The iron fist that is COVID-19 hitting America’s weakest restaurants paves the way for a future of tasty profits for fast-food pizza giants like Domino’s Pizza (DPZ) and Papa John’s (PZZA) who They have extensive delivery networks, robust balances, family food, and seamless ordering technology.
And potentially, tasty returns for investors.
“I think you have been seeing Domino’s and the fast service guys taking market share in this environment. If you have more access to delivery or are better at delivery, your sales have been extraordinary. You saw it from Papa John’s. You’re watching it from others, including Wingstop. Sales are double digits [percentage] kind. They are participating in smaller operators that do not have a delivery platform and / or access to a drive-thru, ”explained BTIG restaurant analyst Peter Saleh in The First Trade of Yahoo Finance.
Domino’s is the first major restaurant chain to report second-quarter earnings on Thursday, and finances certainly underscore Saleh’s thesis.
Sales at the same company store in the United States exploded 16.1%. In the first quarter, sales at the same U.S. store only increased 1.6%. Earnings per share increased to $ 2.99 from $ 2.19 a year ago.
Domino’s shares fell 1% on the news, likely reflecting news of its CFO withdrawal for a long time rather than investors being disappointed by the quarter.

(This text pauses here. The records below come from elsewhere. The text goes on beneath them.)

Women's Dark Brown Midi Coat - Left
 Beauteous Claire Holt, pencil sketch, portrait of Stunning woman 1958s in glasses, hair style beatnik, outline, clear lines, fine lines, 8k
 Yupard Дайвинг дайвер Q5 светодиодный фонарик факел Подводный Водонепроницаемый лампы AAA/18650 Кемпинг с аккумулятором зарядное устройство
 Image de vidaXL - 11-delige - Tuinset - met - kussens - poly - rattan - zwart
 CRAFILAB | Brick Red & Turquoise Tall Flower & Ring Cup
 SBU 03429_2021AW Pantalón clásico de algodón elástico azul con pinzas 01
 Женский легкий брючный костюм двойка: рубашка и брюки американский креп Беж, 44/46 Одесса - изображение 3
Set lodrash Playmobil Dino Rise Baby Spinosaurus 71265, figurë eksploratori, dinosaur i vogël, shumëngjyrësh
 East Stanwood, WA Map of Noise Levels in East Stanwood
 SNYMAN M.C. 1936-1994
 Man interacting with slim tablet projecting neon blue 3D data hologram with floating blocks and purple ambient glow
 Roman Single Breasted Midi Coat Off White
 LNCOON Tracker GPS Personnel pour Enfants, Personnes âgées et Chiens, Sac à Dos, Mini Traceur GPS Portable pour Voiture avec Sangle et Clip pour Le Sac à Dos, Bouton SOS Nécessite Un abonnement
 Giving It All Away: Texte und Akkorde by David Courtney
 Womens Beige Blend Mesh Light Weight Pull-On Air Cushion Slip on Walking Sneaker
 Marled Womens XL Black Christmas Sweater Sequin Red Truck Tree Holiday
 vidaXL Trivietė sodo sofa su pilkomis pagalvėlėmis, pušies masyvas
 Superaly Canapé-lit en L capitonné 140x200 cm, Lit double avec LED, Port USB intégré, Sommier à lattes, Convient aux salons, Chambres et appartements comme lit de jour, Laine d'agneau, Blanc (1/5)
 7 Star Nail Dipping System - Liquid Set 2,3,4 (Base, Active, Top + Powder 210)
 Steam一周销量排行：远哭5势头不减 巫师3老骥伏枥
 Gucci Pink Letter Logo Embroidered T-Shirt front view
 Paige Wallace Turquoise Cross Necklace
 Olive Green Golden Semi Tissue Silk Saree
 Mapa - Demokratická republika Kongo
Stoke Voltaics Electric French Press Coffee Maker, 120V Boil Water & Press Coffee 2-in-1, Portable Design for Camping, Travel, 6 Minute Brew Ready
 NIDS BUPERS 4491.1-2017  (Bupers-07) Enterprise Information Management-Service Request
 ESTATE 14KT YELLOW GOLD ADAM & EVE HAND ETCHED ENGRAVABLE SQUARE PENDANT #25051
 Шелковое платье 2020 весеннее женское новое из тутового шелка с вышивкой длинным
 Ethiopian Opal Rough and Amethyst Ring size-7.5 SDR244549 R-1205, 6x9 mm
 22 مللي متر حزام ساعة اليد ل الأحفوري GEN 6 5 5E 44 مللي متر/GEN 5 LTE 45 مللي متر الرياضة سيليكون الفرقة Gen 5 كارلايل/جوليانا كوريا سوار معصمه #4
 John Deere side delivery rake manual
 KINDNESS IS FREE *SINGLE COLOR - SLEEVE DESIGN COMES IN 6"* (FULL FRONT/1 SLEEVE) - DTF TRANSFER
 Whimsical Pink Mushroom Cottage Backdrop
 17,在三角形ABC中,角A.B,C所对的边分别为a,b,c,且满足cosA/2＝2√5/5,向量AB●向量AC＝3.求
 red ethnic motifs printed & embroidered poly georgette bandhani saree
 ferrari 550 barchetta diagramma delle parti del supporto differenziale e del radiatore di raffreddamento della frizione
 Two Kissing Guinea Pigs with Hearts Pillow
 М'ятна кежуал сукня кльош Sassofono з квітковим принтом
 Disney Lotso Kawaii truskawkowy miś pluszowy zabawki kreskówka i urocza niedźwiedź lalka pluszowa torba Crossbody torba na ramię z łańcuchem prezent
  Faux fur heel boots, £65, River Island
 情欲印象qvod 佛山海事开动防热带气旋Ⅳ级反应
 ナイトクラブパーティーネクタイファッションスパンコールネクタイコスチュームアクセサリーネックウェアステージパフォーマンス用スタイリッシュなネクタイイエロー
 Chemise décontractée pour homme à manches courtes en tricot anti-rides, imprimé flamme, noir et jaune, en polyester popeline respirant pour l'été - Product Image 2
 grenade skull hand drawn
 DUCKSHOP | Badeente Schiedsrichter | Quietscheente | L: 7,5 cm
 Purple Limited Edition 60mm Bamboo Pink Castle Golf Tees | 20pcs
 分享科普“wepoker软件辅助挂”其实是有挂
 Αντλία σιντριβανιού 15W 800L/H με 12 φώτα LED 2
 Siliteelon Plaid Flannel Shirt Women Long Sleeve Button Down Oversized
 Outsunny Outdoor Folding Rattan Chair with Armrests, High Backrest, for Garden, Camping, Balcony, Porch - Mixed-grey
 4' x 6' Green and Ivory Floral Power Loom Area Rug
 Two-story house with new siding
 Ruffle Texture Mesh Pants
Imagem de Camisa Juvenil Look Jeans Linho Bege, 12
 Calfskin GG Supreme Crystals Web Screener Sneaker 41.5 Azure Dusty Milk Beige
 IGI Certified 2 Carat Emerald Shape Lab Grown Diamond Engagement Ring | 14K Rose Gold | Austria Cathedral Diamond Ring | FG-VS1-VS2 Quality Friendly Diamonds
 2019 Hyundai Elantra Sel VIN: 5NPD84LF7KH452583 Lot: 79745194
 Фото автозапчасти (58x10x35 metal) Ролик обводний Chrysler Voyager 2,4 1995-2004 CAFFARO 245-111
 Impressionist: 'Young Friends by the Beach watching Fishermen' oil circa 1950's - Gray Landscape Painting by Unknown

Meanwhile, Papa John’s delivered mind-blowing sales growth at the same store in a preliminary second-quarter update on June 30. The company said sales at the same North American store increased 28% in the quarter.
With dozens of restaurants still closed amidst the pandemic, many forever, established pizza players are clearly winning for convenience and affordability.
“Digital growth is where it’s happening these days,” Saleh said. “They are [Domino’s] essentially gaining in price. They are using their cost advantage to reinvest in value and they are taking quarterly to quarterly actions. ”
Stock capture could also be starting as well.
There have been eight bankruptcies of restaurant chains or franchise operators since early April, reports Yahoo Finance. With each passing month, the presentations have become prominent as restaurants grapple with lukewarm traffic, mountains of debt, and gargantuan rent after states allowed them to reopen. The last two high-profile names to file for bankruptcy include the Chuck E. Cheese children’s fun house and the Wendy’s and Pizza Hut NPC International franchisee.